The agent’s state is relative geometry: (player−food) and (player−enemy) deltas are combined into a tuple that indexes the Q-table.

Briefing Cornell Notes

Briefing

A simple grid-world built from scratch lets a Q-learning agent learn to reach a “food” blob while avoiding an “enemy” blob—despite having no explicit knowledge of walls or boundaries. The environment uses relative positions (player-to-food and player-to-enemy deltas) as the observation, a small discrete action set for movement, and a tabular Q-table updated with standard Q-learning. The striking result: the agent can still succeed at high rates, often by using the walls as an accidental navigation aid, even though it never “learns” wall geometry directly.

The setup starts with a 10×10 grid. Three blobs are initialized at random coordinates: the player (blue), the food (green), and the enemy (red). In the early training mode, only the player moves; food and enemy remain stationary. The reward structure is tuned to push behavior: hitting the enemy ends the episode with a large negative penalty (enemy penalty set to 300), reaching the food ends the episode with a positive reward (food reward set to 25), and every other move incurs a small negative move penalty (−1). Exploration is controlled by epsilon-greedy policy: epsilon begins at 0.9 and decays over 25,000 episodes.

Instead of feeding absolute coordinates, the observation is built from relative geometry. A custom blob class supports operator overloading so the code can compute (player − food) and (player − enemy), producing a tuple of coordinate deltas. That tuple becomes the key into a dictionary-based Q-table. Because there are two relative position pairs, the Q-table effectively stores Q-values for every combination of those deltas, with four discrete actions corresponding to diagonal moves (choice 0–3). The move method also clamps positions to the grid edges: if the player attempts to step outside the 0–9 range, it gets snapped back to the boundary.

Training iterates over episodes and steps (200 steps per episode). For each step, the agent chooses either a random action (with probability epsilon) or the action with the highest Q-value for the current observation. After moving, it recomputes the new observation, calculates the reward (food, enemy, or move penalty), and updates the Q-table using the Q-learning update rule with a learning rate of 0.1 and a discount factor of 0.95. When food or enemy is reached, the episode terminates; otherwise it continues.

Visualization is done with OpenCV: the grid is rendered as an RGB image, scaled up for display, and refreshed each step. After training, the learned Q-table is saved via pickle and can be reloaded for evaluation with epsilon set to 0 (pure exploitation). The agent’s behavior becomes visibly competent: it zigzags toward the food and, in many cases, “bounces” off walls to reach otherwise hard-to-access positions.

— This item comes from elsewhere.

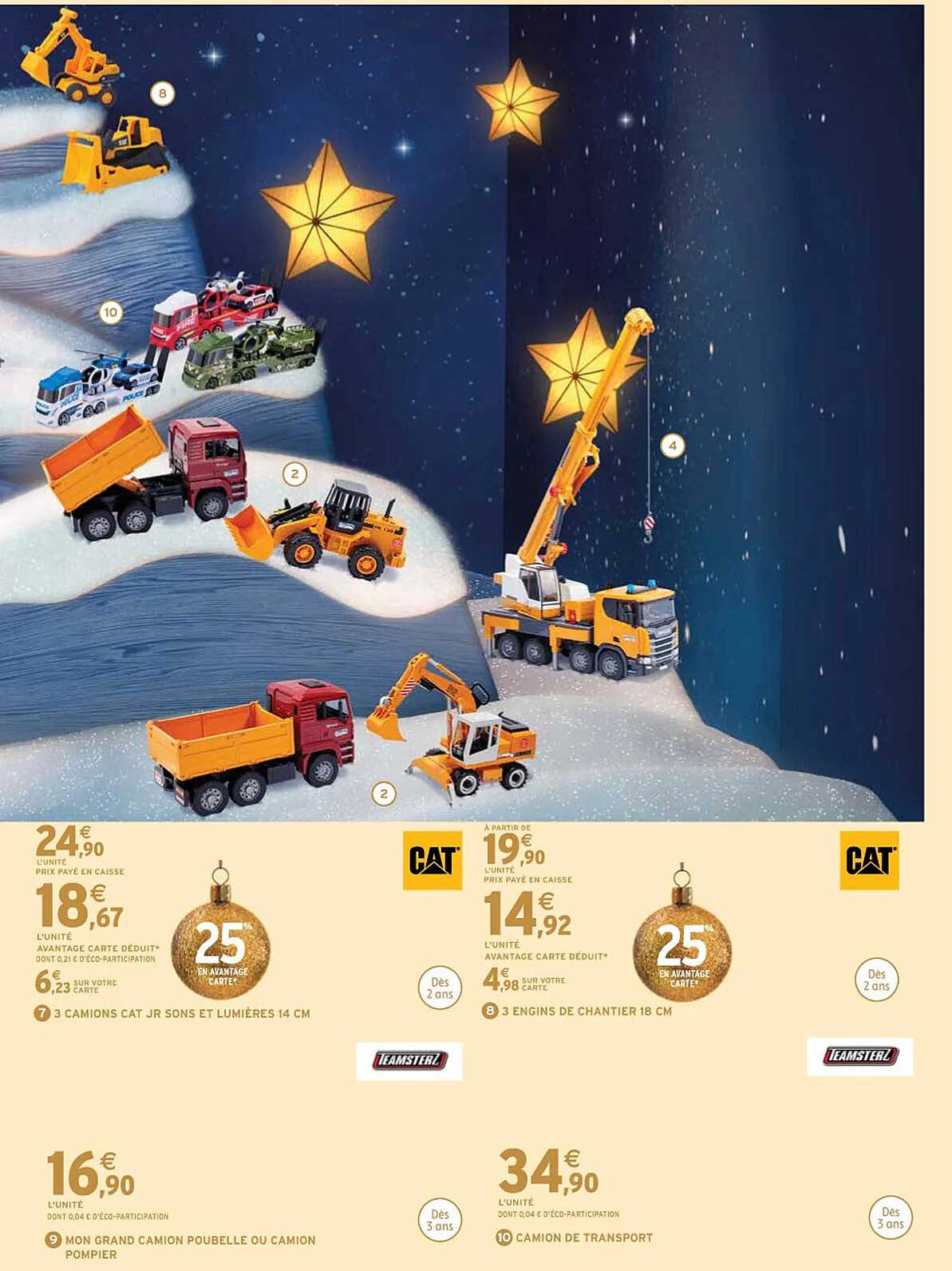 3 camions cat jr sons et lumières 14 cm, 3 engins de chantier 18 cm, mon grand camion poubelle ou camion pompier, camion de transport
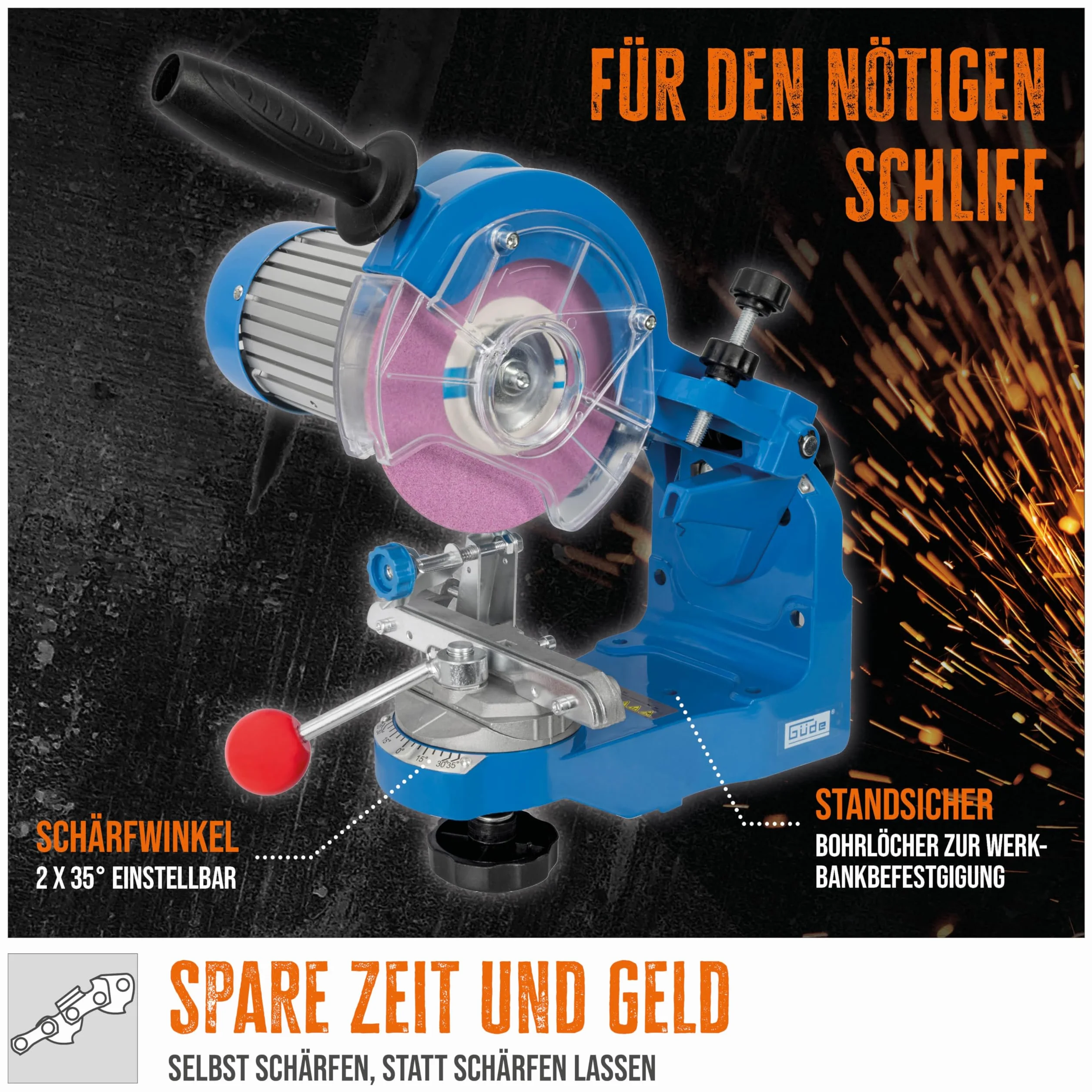 Güde Ostrzałka do piły łańcuchowej P 2300 A (230 W, 3000 1/min, regulowany kąt ostrzenia 2 x 35°, prowadnica łańcucha, oświetlenie, do wszystkich popularnych typów łańcuchów piły, 2 x tarcze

Scaling experiments highlight a practical cost of tabular methods. Increasing the grid from 10×10 to 20×20 causes the Q-table size to balloon—from roughly 15 MB to about 250 MB. Yet the agent still learns in the larger environment, including when movement is enabled for both food and enemy, sometimes handling more complex avoidance and pursuit dynamics. The overall takeaway is that even a constrained, wall-agnostic tabular setup can produce surprisingly effective navigation—while also demonstrating why state/action explosion quickly makes Q-tables unwieldy.

Cornell Notes

A tabular Q-learning agent learns in a custom 10×10 grid-world with three blobs: player (blue), food (green), and enemy (red). The agent’s observation is not absolute position; it’s the relative deltas (player−food and player−enemy), encoded as a tuple used as the key into a dictionary Q-table. Rewards are sparse and decisive: reaching food ends the episode with +25, hitting the enemy ends with −300, and every other move costs −1. Even though the agent only moves diagonally and has no explicit wall-awareness, it still reaches the food at high rates—often by using wall clamping/bounces as an implicit navigation mechanism. Scaling to 20×20 dramatically increases Q-table size (about 15 MB to ~250 MB), showing the limits of tabular approaches.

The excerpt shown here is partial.